We have learned a lot about certain mutated genes, such as HOXB13 or BRCA2, that can predispose a man to prostate cancer. But guess what? These genes are just the tip of the iceberg.

“They are protein-coding genes,” explains scientist Shawn Lupold, Ph.D., the Catherine Iola and J. Smith Michael Distinguished Professor of Urology and Co-Director of the Sidney Kimmel Comprehensive Cancer Center Prostate Cancer Program. “They code (provide the information for) cells to make a certain protein or enzyme. And remarkably, less than 2 percent of the genome codes for proteins!”

What about all the genes we don’t know much about? The other 98 percent? Some are “noncoding RNAs,” tiny throttles, gas pedals, or volume-control knobs. They’re “important regulatory molecules that can orchestrate when other genes are turned on or off, or turned up or down,” says Lupold. One important class is known as microRNAs, “We are still learning what they do.”
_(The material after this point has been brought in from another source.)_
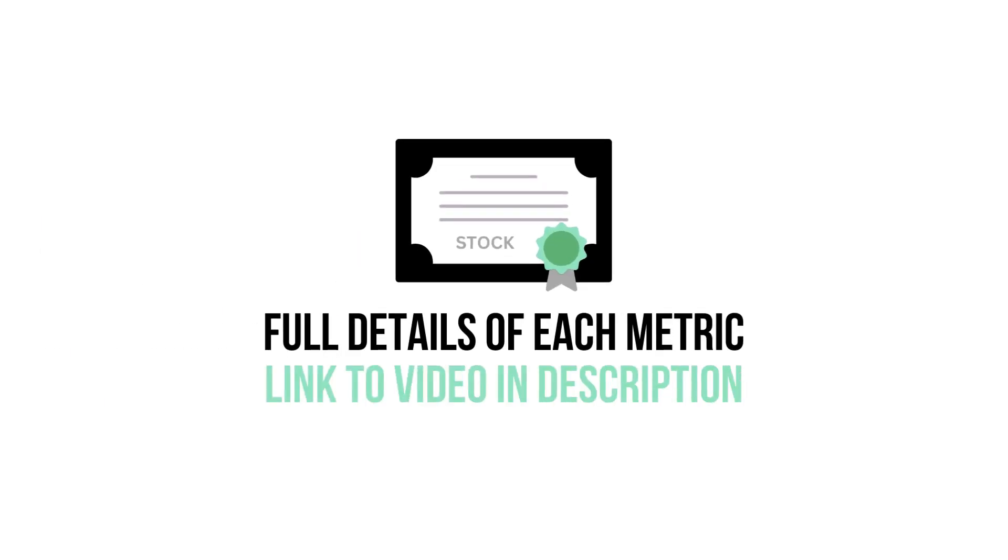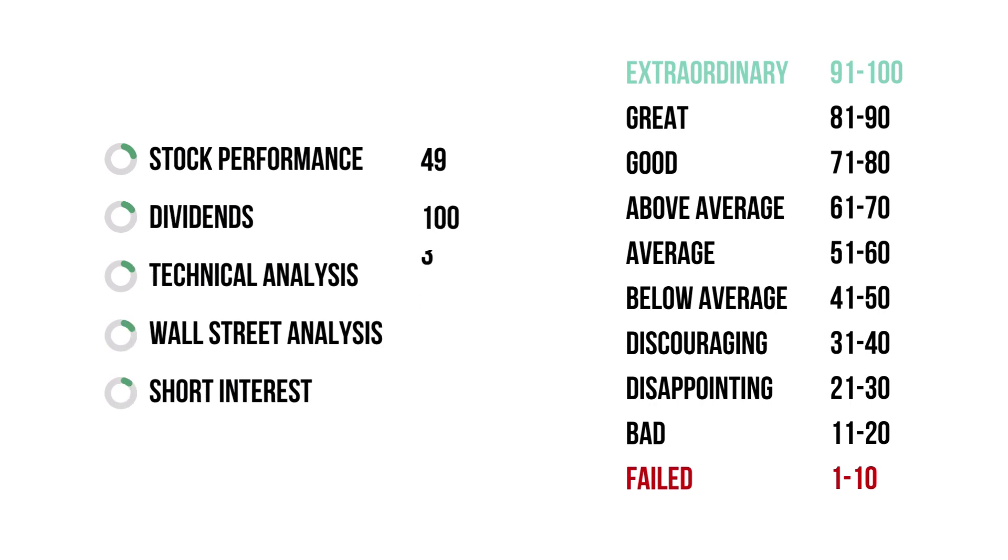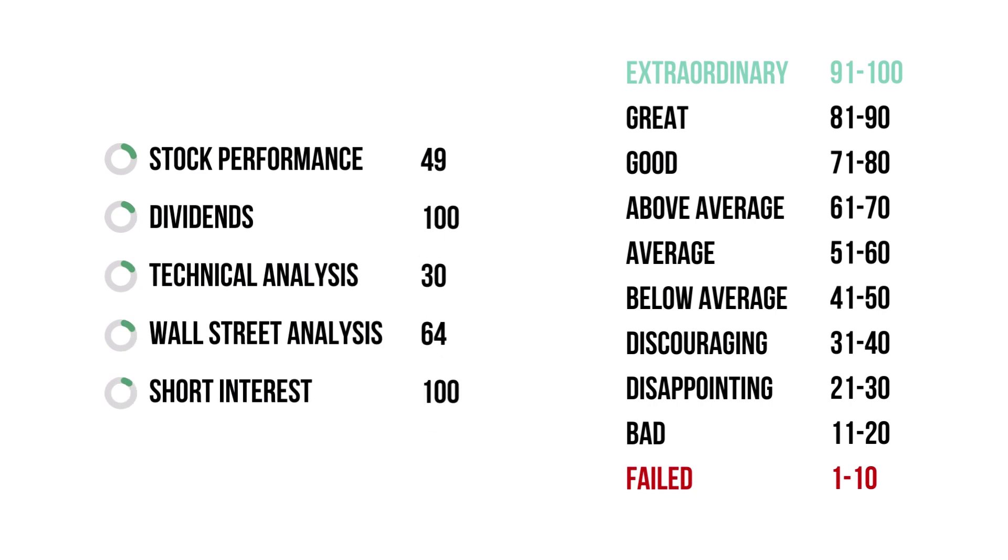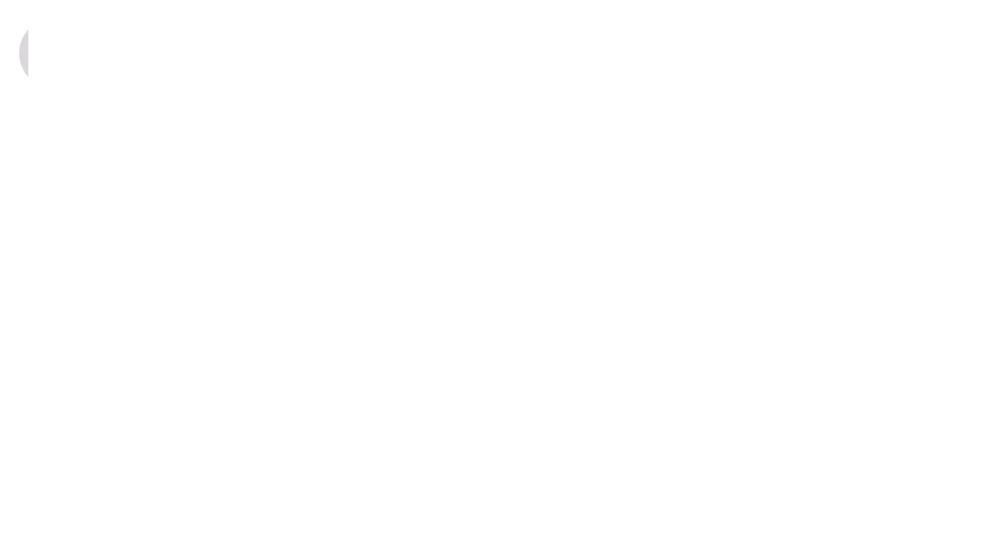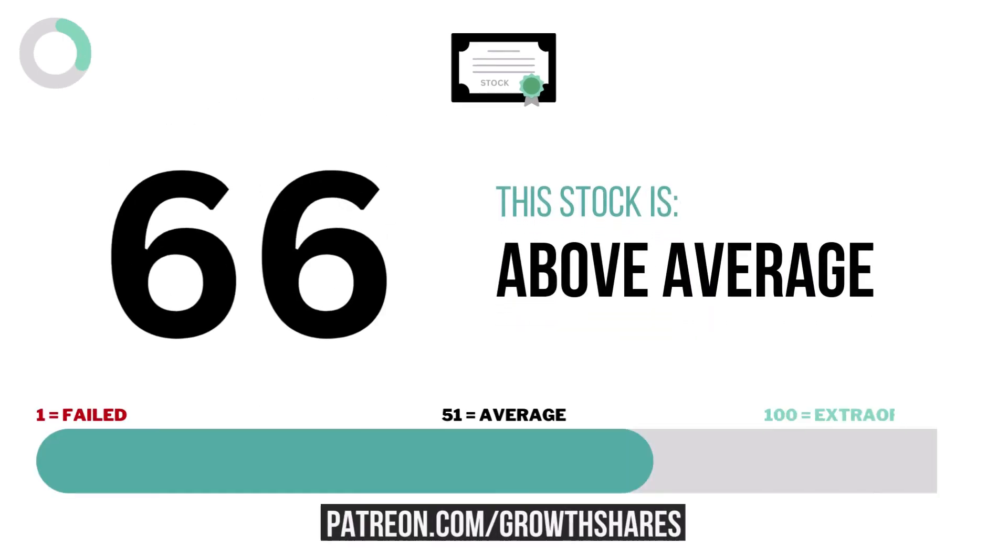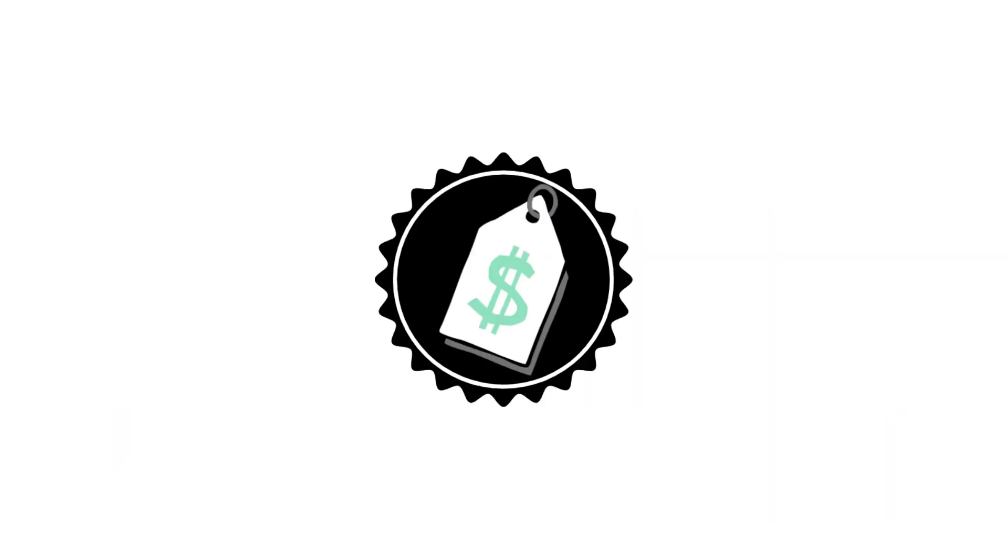If you want to know more about each metric, I have made a video detailing every metric. Link in the description below. Here are the grades for each stock metric. And here's the company's stock grade, with 10 or below making it a failed stock and 91 or higher making it an extraordinary stock.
In what may be the largest study of its kind, Lupold and scientist William Isaacs, Ph.D., in collaboration with NorthShore University scientist Jenfeng Xu, Ph.D., have sequenced the microRNA-coding region (microRNAome) of 1,500 prostate cancer patients, looking for inherited alterations that are associated with an increased risk of developing lethal prostate cancer.

The results are still preliminary, but they have identified promising genetic variations in several microRNA genes. “We anticipate that these studies may identify new heritable risk factors for prostate cancer that could lead to new diagnostic or prognostic tests.”